> [Task item]
Nothing but the lines from the one holding "I Reis 13:21 em imagem para compartilhar" to the final line of the listing below, both included, should be repeated, and each must match exactly. Omit pictures.

> [Dataset content]
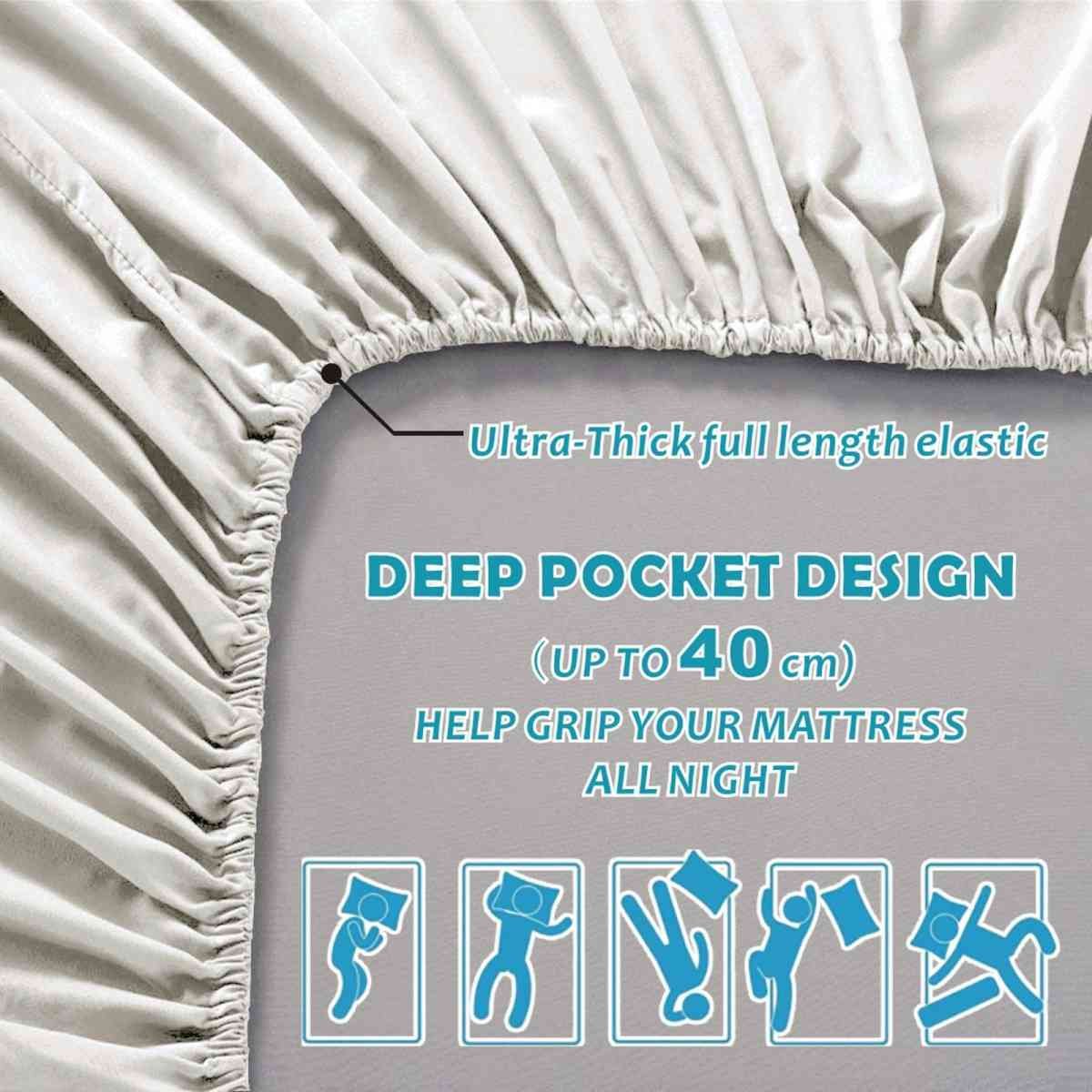 3 Piece Fitted Sheet Set- Fitted Sheet & Pillowcases -Breathable Bedding - Wrinkle, Fade, Stain Resistant- 40cm Deep Pocket Fitted Bed Sheet Set(Raw white,Super King)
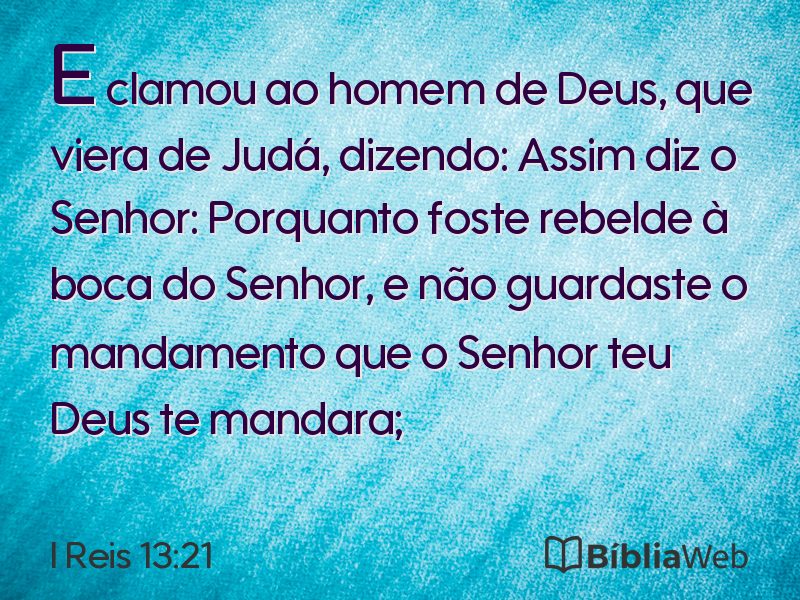 I Reis 13:21 em imagem para compartilhar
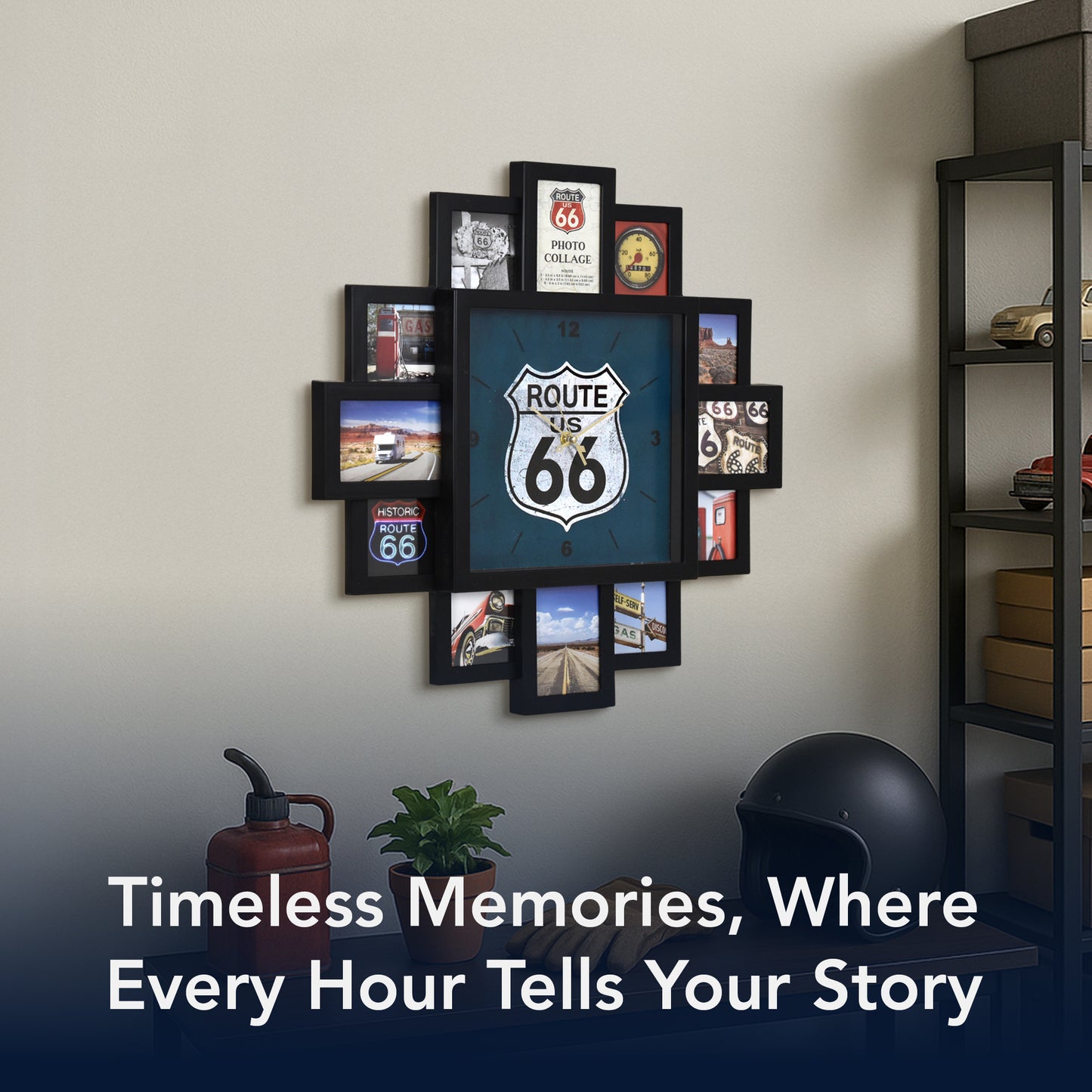 Photo Collage US Route 66 Black Wall Clock 20"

> [Exercise response]
 I Reis 13:21 em imagem para compartilhar
 Photo Collage US Route 66 Black Wall Clock 20"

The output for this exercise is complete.